Abstract
Big data has emerged as a source for identifying large scale trends, understanding when interventions have worked or predicting their outcomes. In this seminar, we will discuss how big data sources can be used to advance and monitor Sustainable Development Goals (SDGs) (i) from the perspective of communities that generate and use big data; (ii) consisting of digital traces that people leave online as a proxy for social norms, attitudes and offline behaviours; and (iii) the challenges related to (unequal) capacity of teams to derive knowledge from big data sources. We will present some case studies of using big data for gender equality (SDG5) and universal health coverage (SDG3), reflecting on the ethical aspects related to the dignity, privacy and digital and social exclusions.
Speaker
Dr Claudia Abreu Lopes is a Research Fellow at the United Nations University International Institute for Global Health (UNU-IIGH). She has spent 20 years in academia with positions at the Faculty of Psychology at the University of Coimbra (Portugal), Institute of Social Psychology at the London School of Economics and Political Science (LSE), and Department of Politics and International Studies at the University of Cambridge (POLIS).

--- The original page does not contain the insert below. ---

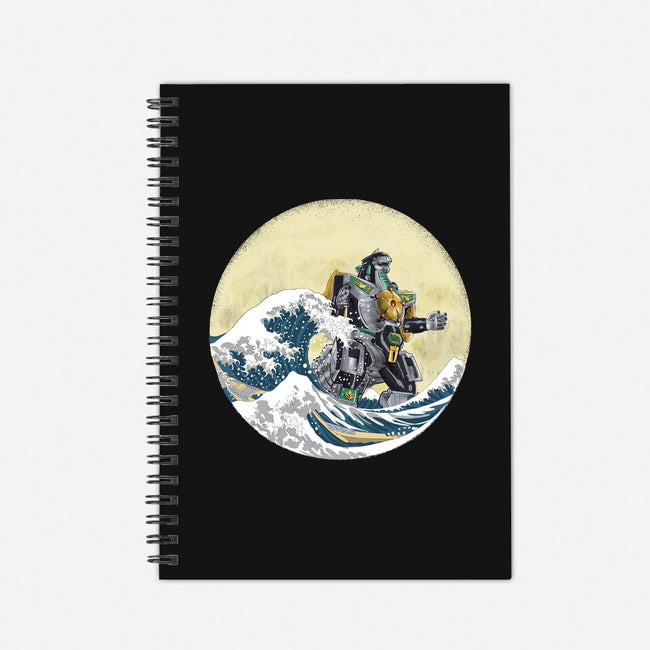 Dragon Wave-none dot grid notebook-zascanauta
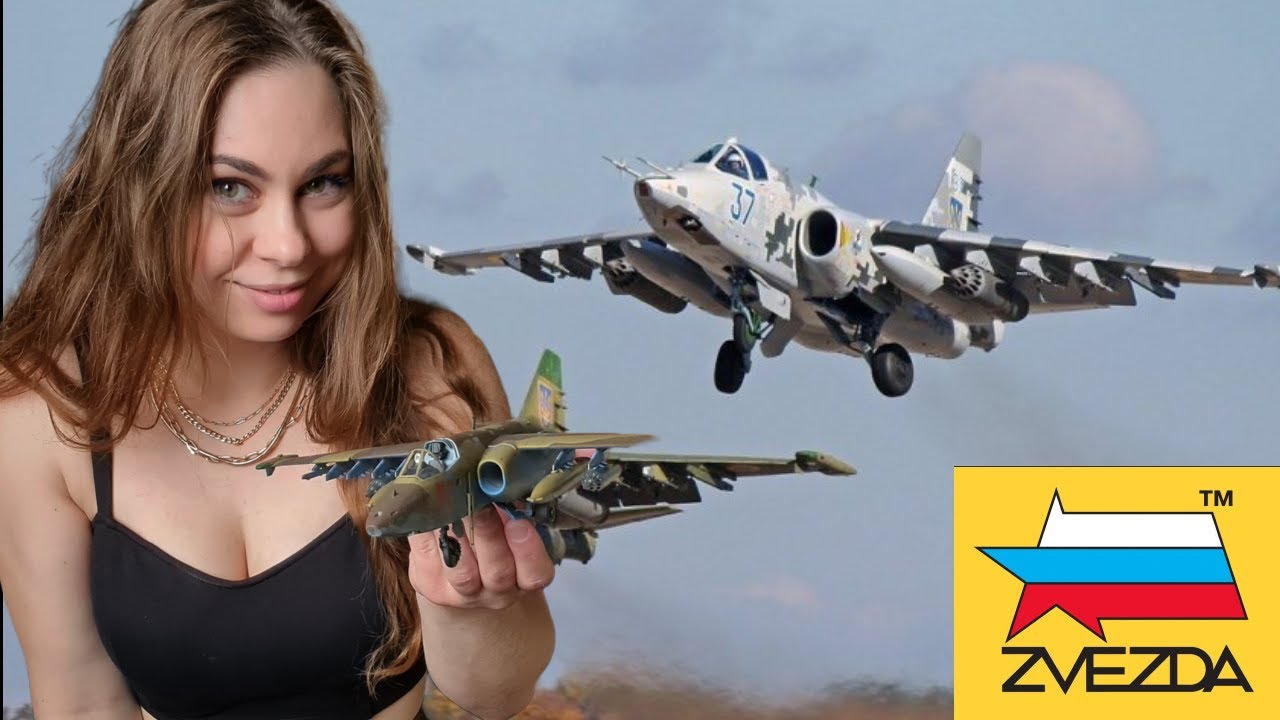 Су-25 из Афгана. Лучшая модель самолета от фирмы Звезда.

Prior to joining UNU, she was an Affiliated Lecturer in Statistics and Methods at POLIS and a Lead Consultant in Big Data and Gender at UN Women. Claudia has also worked on the charity sector with Girl Effect (Data Scientist), and Africa’s Voices Foundation (Head of Research and Innovation), leading projects that used digital data to accelerate and evaluate the impact of public health interventions. She was also involved in evaluations for the World Bank, BBC Media Action and GPSDD.
Her research interests focus on methodologies that use big data as a complement to official statistics to monitor and advance sustainable development goals related to gender equality and health. She has been applied them to projects related to adolescent sexual and reproductive health and violence against women and girls. She is also interested in the structural determinants of health inequalities and their impact on health outcomes.
She holds a PhD in Social Research Methods from the LSE, a Master’s degree in Social Psychology from the University of Porto, a Degree of Advanced Studies in Social Psychology awarded by the University of Geneva and the University of Bari, and a Licentiate degree in Psychology from the University of Coimbra.